Democrats Push Back Against Dodd-Frank Changes

Leading Democrats in both the House and Senate are aggressively fighting efforts to incorporate changes to the Dodd-Frank Act into the government funding legislation.
According to a Washington Examiner report, Sen. Chuck Schumer (D-NY) claimed that “Democrats are standing arm-in-arm to protect” Dodd-Frank from efforts by Republicans to rewrite any aspect of the 2010 law. Schumer is widely touted as the potential successor to Harry Reid as his party’s Senate leader following the Nevada legislator’s retirement in early 2017, and his comments reaffirmed a longstanding partisan divide on the matter.
Furthermore, the top Democrats in the House and Senate Financial Committees, Sen. Sherrod Brown of Ohio and Rep. Maxine Waters of California, sent a joint letter to congressional leaders detailing their efforts to oppose any tinkering with the Dodd-Frank law.

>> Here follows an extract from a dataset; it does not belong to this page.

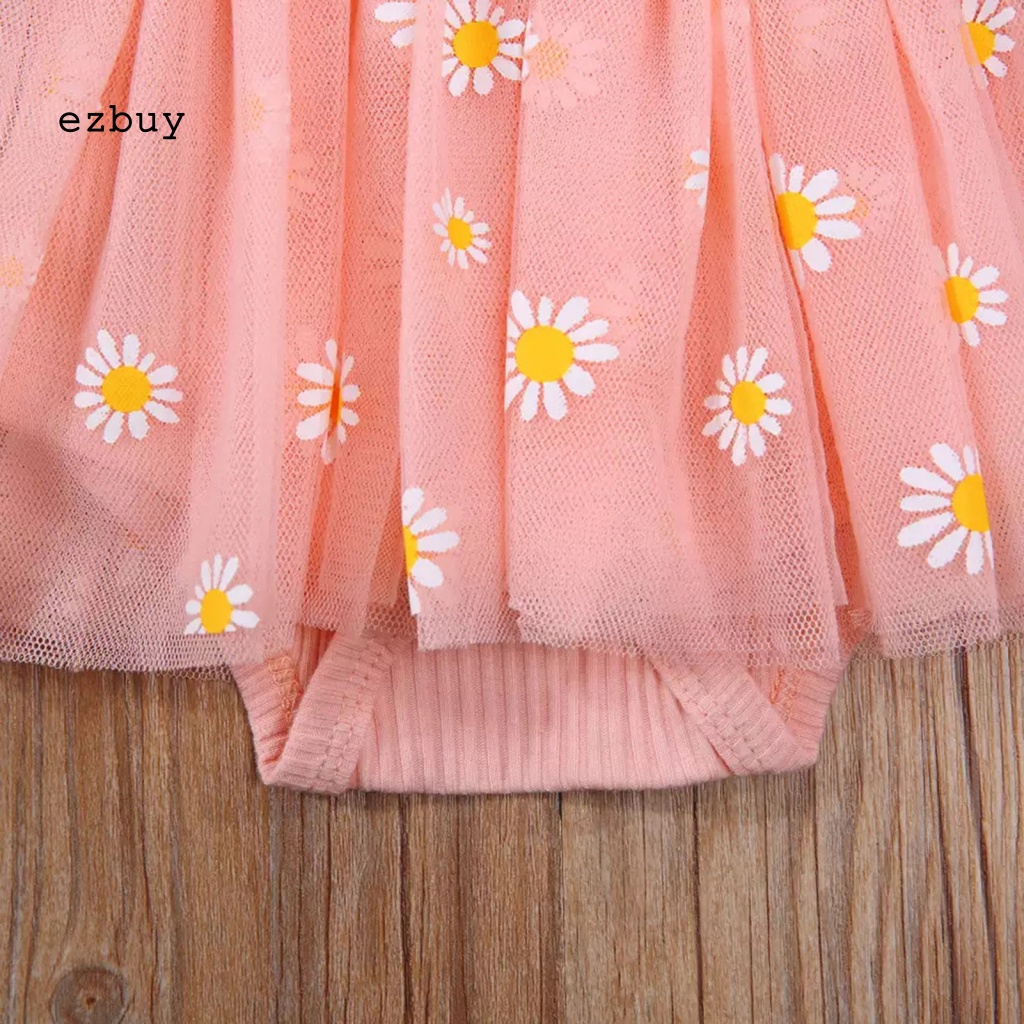 [EY] Bộ Áo Liền Quần Màu Trơn Thắt Nơ In Hoa Phối Lưới Kèm Băng Đô Cài Tóc Cho Bé Gái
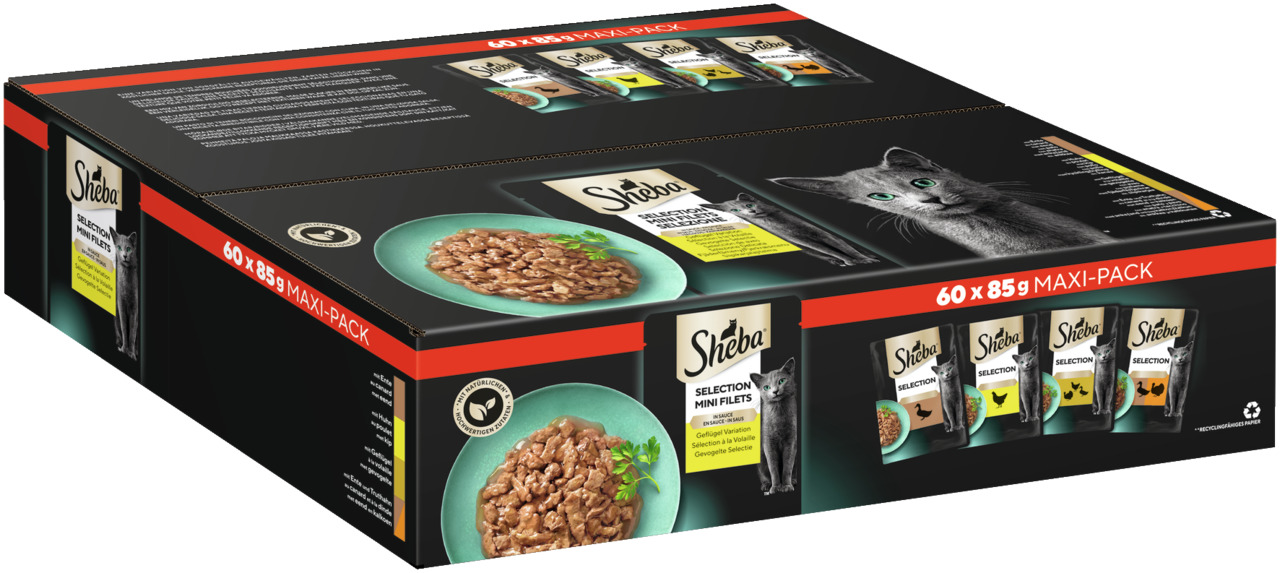 Sheba Selection in Sauce Mini Filets, für ausgewachsene Katzen, Geflügel/Rind/Lachs/Thunfisch, 60x85g Maxi-Pack.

"We hope that Congress does not make the same mistake this year by including riders that weaken Wall Street reform in end-of-the-year funding legislation," Sens. Brown and Waters wrote in their letter, referring to the effort by Senate Banking Committee Chairman Richard Shelby (R-AL) to attach a Dodd-Frank reform bill to the government appropriations bill. Congress needs to pass the appropriations bill by Nov. 3 in order to raise the debt ceiling, or the federal government will run out of money by Dec. 11.